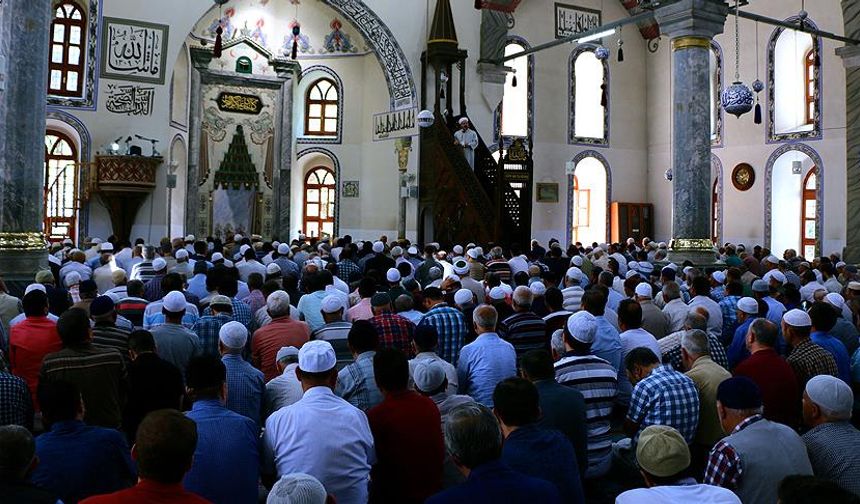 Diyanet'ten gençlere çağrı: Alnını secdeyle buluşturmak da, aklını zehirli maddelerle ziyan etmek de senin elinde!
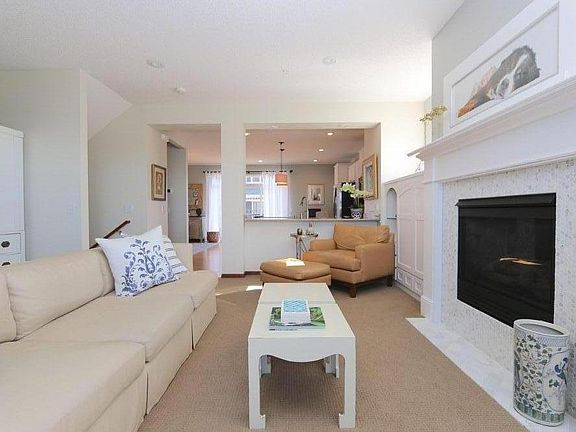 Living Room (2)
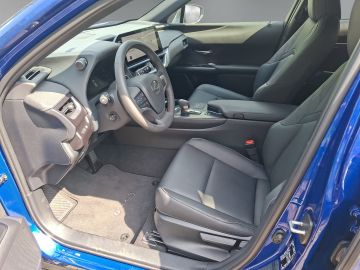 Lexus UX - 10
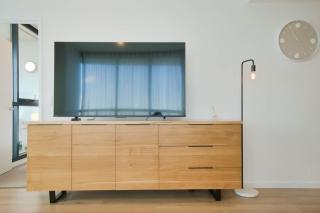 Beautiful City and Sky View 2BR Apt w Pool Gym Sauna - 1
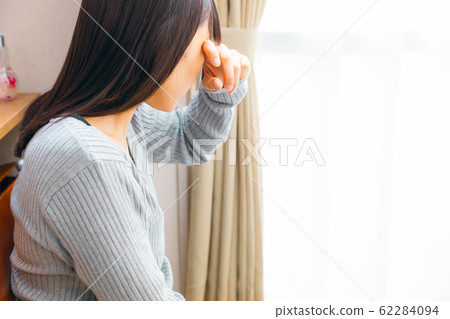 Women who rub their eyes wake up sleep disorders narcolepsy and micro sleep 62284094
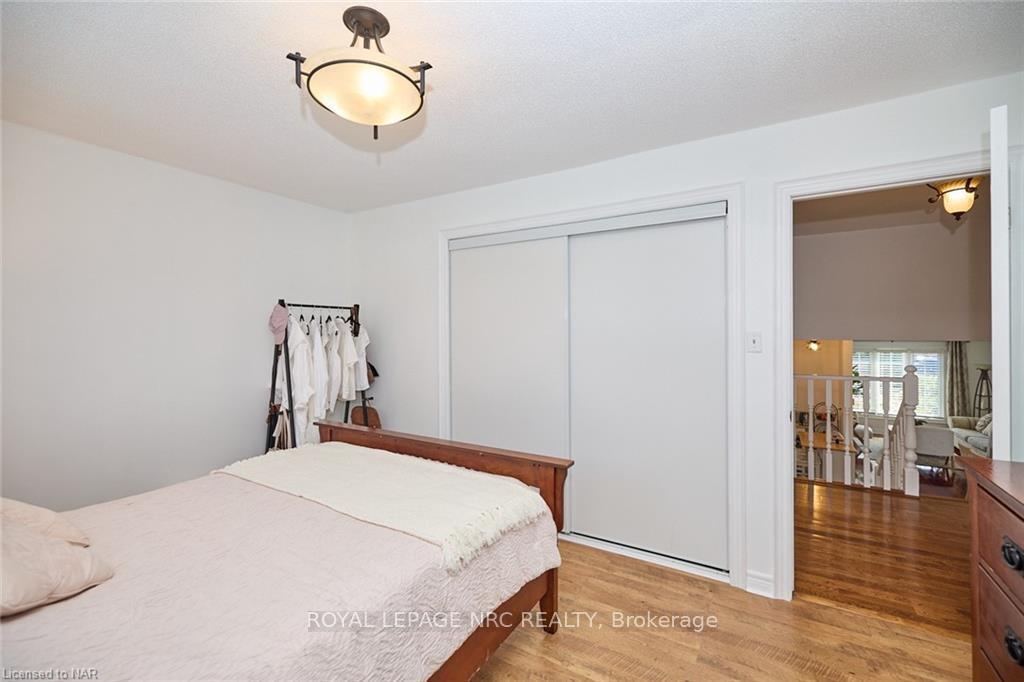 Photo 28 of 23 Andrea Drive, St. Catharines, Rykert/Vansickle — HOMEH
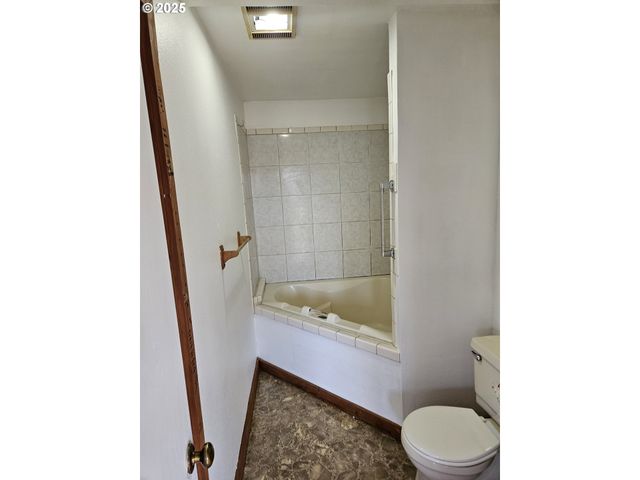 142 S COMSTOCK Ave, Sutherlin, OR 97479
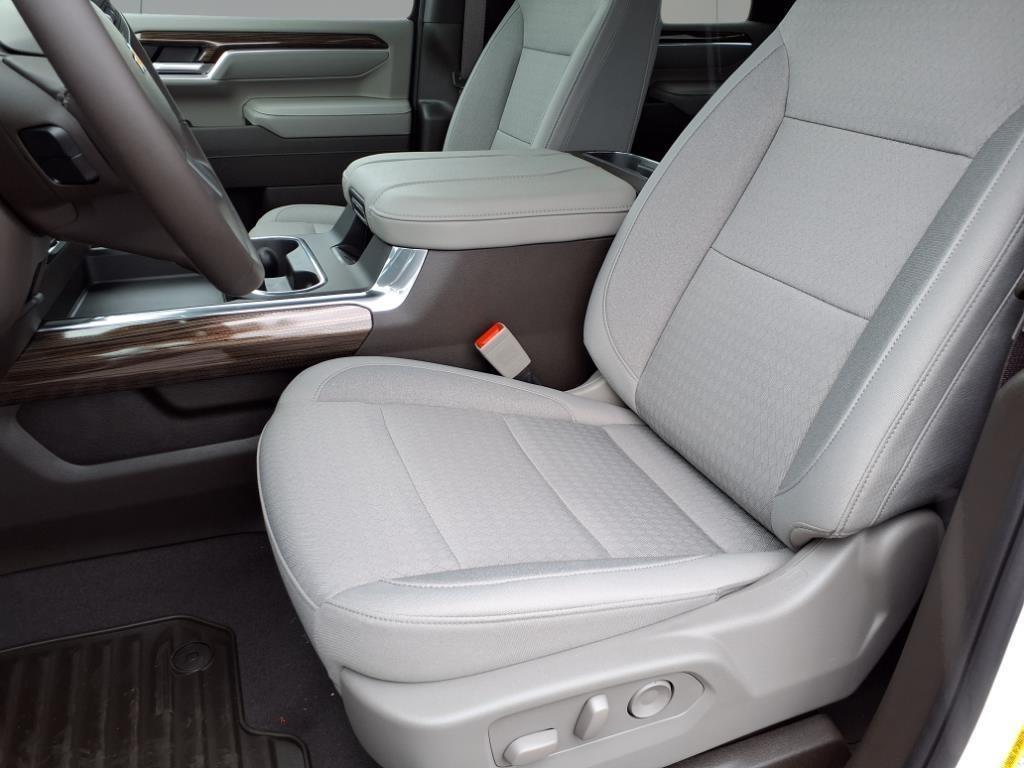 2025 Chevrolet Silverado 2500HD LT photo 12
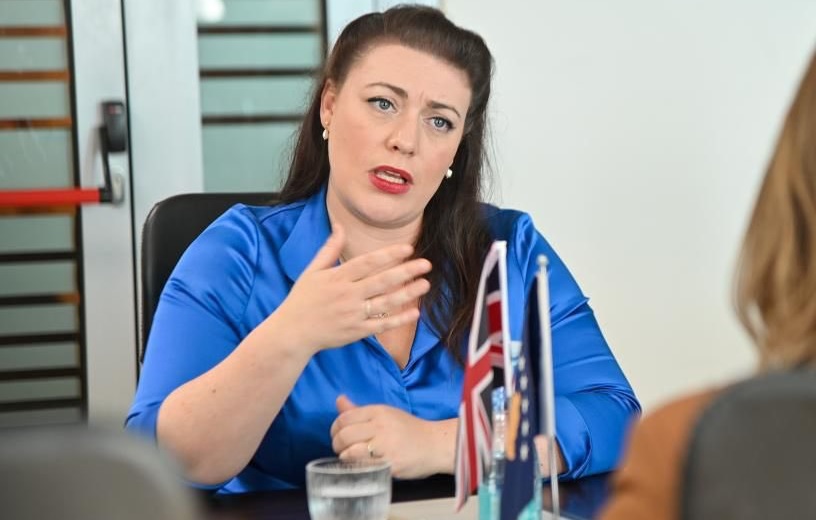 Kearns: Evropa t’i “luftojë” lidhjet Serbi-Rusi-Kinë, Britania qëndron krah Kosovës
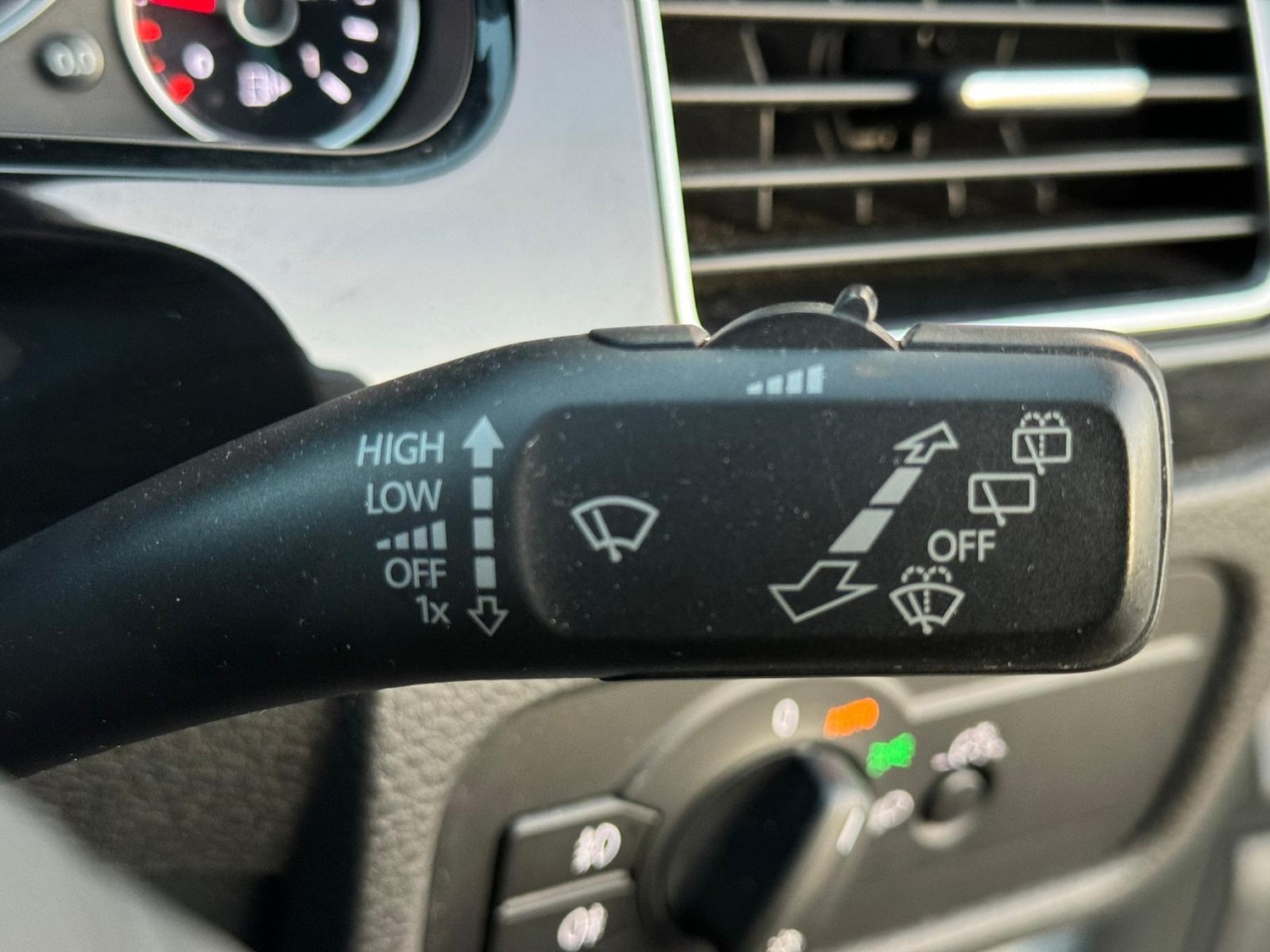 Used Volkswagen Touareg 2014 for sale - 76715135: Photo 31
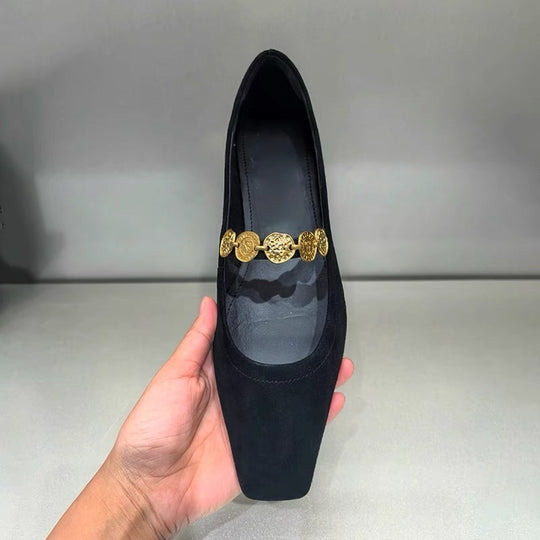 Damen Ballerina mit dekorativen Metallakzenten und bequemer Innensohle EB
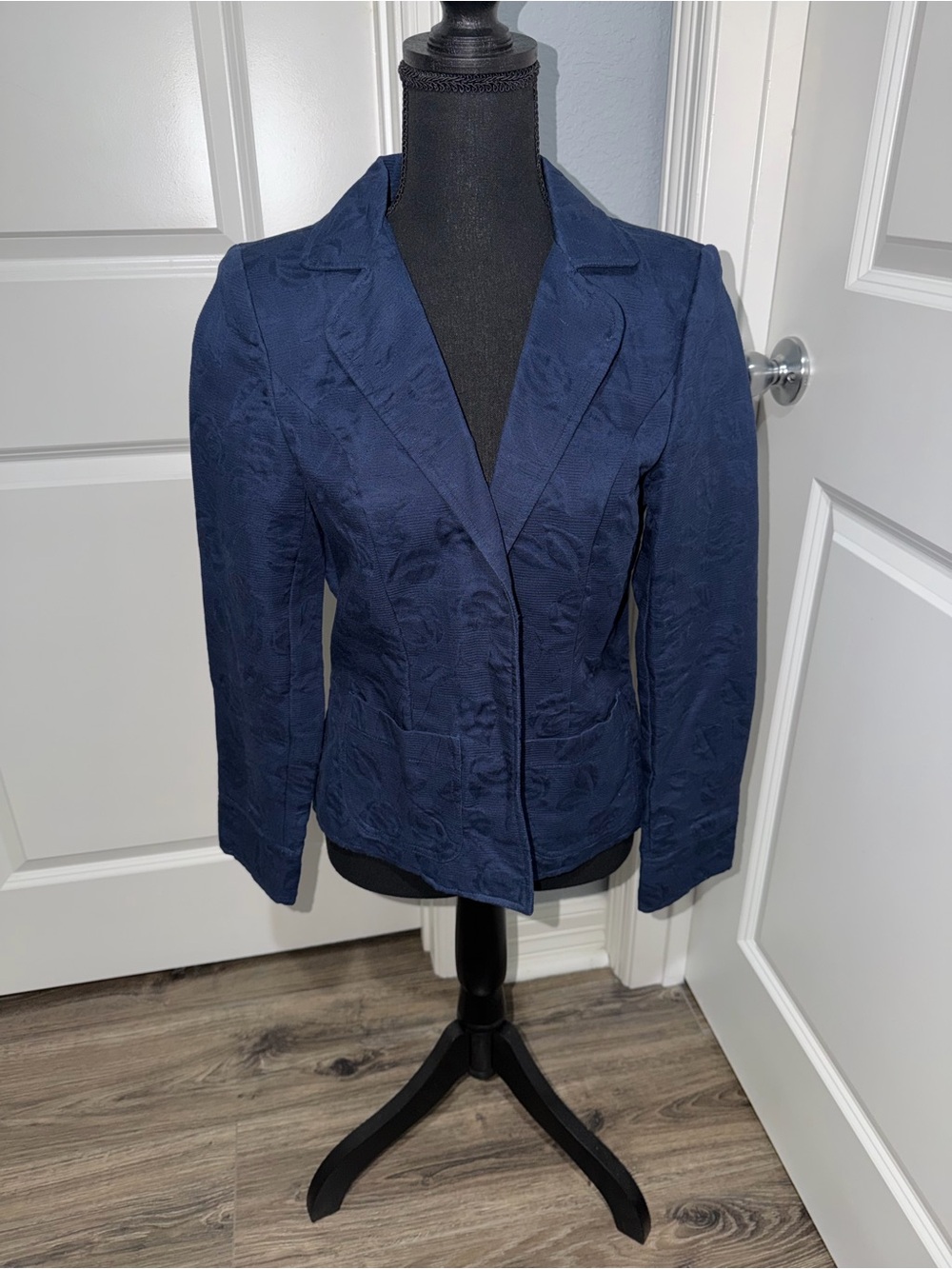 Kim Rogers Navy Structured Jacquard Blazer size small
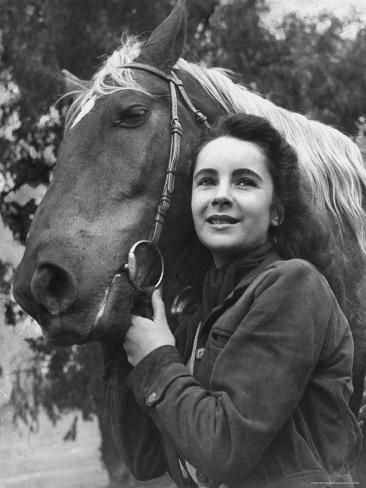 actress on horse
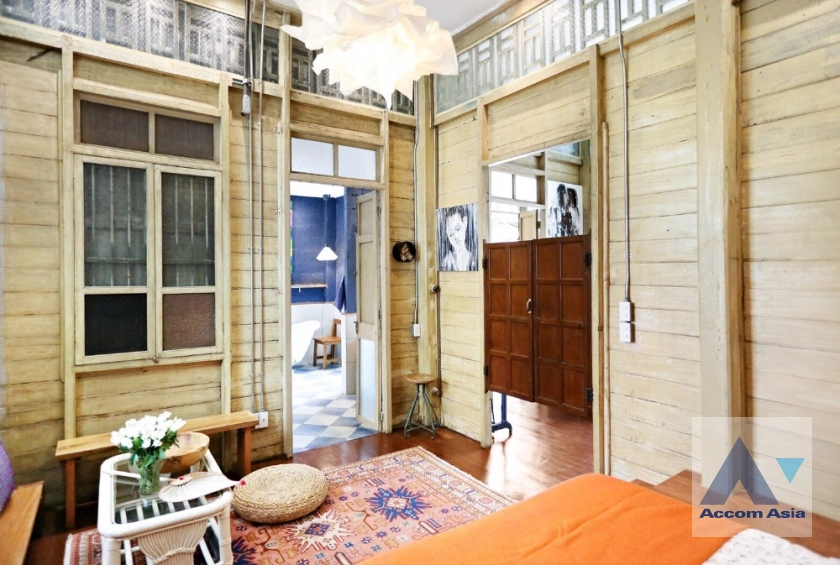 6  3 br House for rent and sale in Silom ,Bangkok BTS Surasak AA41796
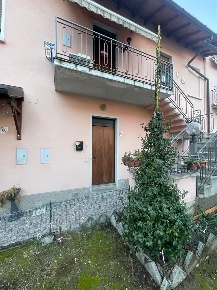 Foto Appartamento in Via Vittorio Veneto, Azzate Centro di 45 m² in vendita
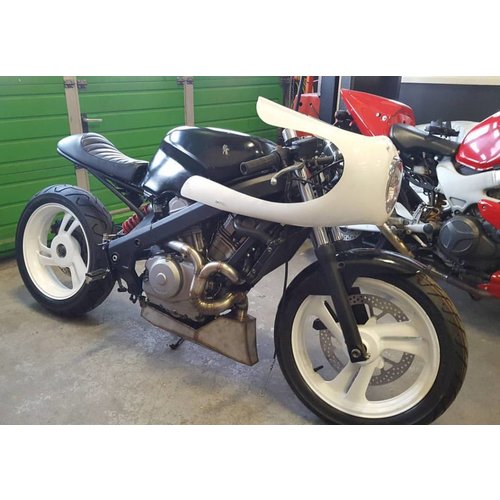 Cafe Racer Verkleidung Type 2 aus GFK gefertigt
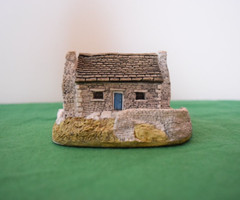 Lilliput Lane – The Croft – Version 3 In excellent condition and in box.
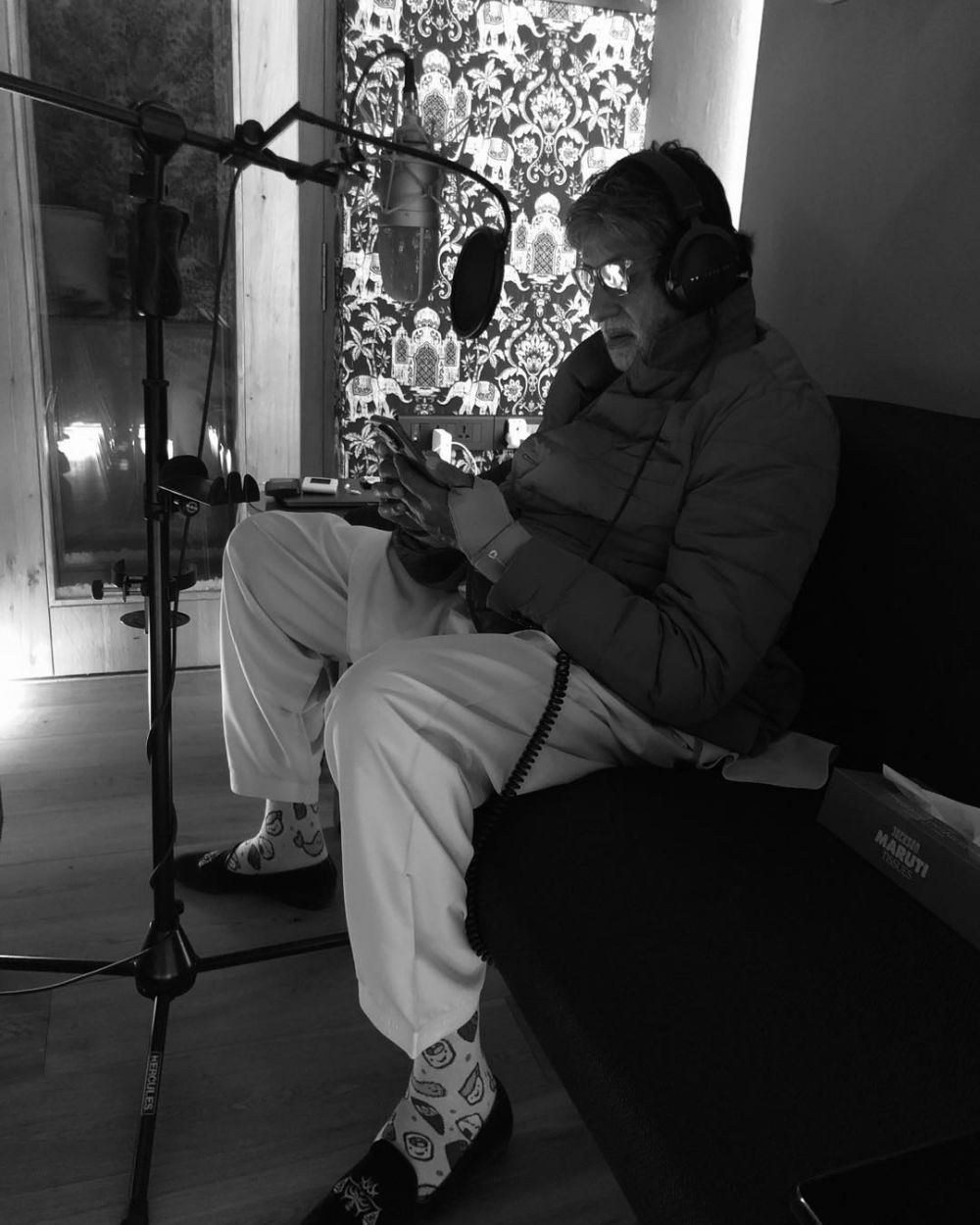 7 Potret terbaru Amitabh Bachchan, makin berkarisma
--------------------
◆ **TASK PROMPT**
Once the line with "Damen Ballerina mit" is found, write out that line and every later line of the listing above exactly, through the last one, and skip any pictures.

◆ **ANSWER SECTION**
 Damen Ballerina mit dekorativen Metallakzenten und bequemer Innensohle EB
 Kim Rogers Navy Structured Jacquard Blazer size small
 actress on horse
 6  3 br House for rent and sale in Silom ,Bangkok BTS Surasak AA41796
 Foto Appartamento in Via Vittorio Veneto, Azzate Centro di 45 m² in vendita
 Cafe Racer Verkleidung Type 2 aus GFK gefertigt
 Lilliput Lane – The Croft – Version 3 In excellent condition and in box.
 7 Potret terbaru Amitabh Bachchan, makin berkarisma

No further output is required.